From the listing below, output the lines between the one with "Los números de" and the one with "Custom Name Bruno", including those two, and nothing else. Pictures are not copied.

* **Extracted data**
⟨

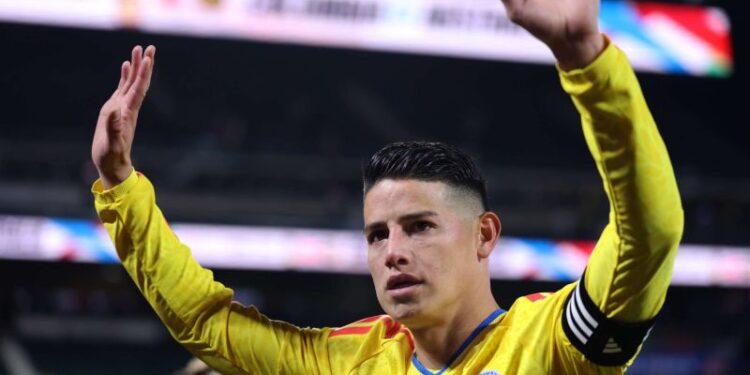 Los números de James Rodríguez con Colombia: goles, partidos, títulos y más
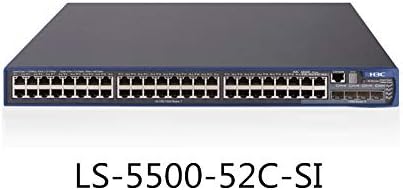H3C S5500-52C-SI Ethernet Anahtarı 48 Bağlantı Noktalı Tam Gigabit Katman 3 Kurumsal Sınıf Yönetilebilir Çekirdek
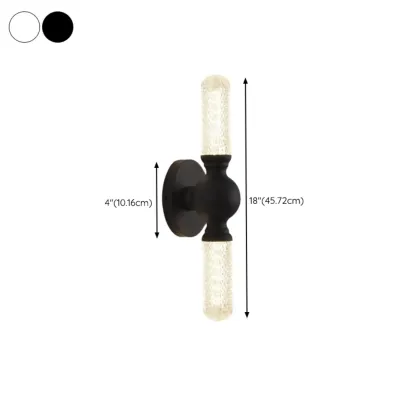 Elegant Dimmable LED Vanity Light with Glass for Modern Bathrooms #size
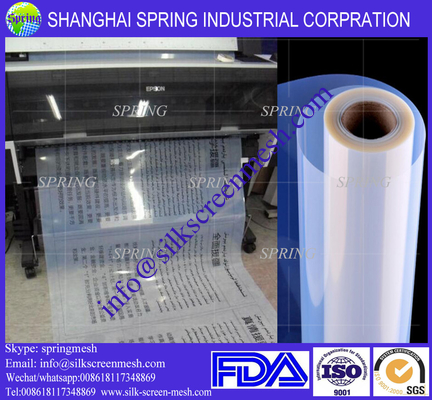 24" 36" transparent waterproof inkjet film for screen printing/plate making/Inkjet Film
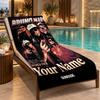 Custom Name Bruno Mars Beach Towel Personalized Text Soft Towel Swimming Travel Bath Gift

⟩
⟨

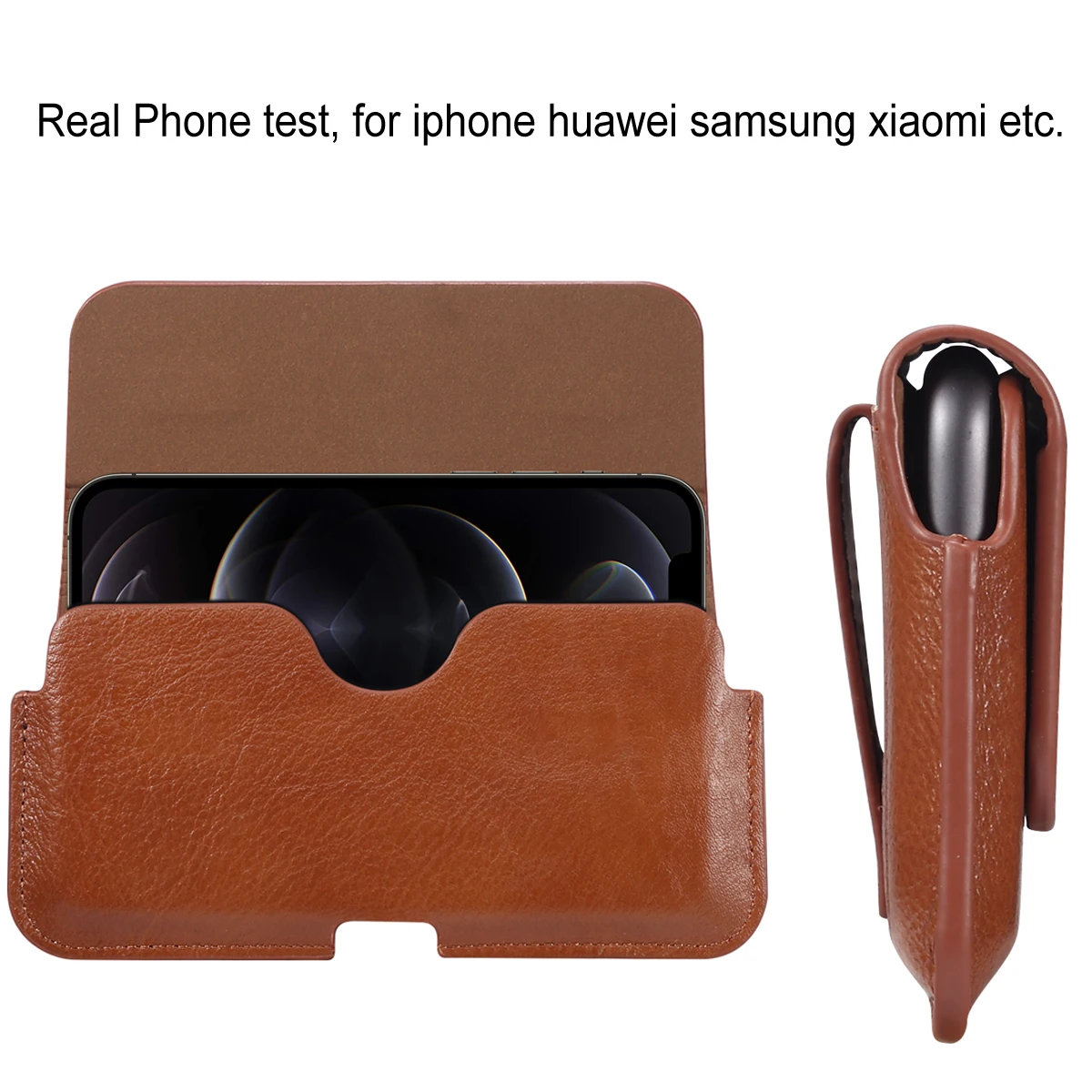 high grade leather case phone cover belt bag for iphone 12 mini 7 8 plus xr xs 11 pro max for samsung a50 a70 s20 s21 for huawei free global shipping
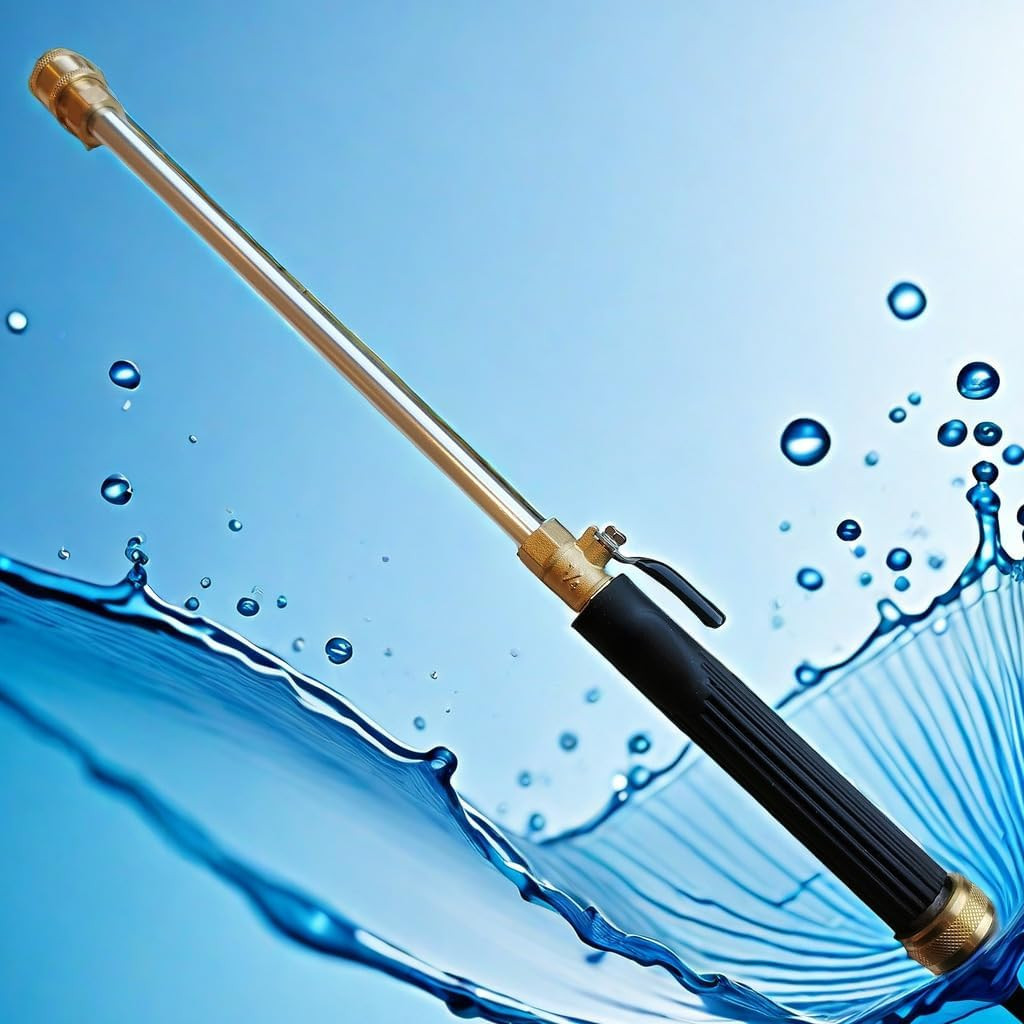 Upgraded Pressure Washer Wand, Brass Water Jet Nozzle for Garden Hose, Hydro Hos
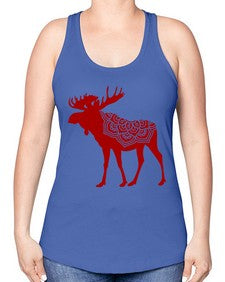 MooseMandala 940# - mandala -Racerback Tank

⟩

* **Completed exercise**
 Los números de James Rodríguez con Colombia: goles, partidos, títulos y más
H3C S5500-52C-SI Ethernet Anahtarı 48 Bağlantı Noktalı Tam Gigabit Katman 3 Kurumsal Sınıf Yönetilebilir Çekirdek
 Elegant Dimmable LED Vanity Light with Glass for Modern Bathrooms #size
 24" 36" transparent waterproof inkjet film for screen printing/plate making/Inkjet Film
 Custom Name Bruno Mars Beach Towel Personalized Text Soft Towel Swimming Travel Bath Gift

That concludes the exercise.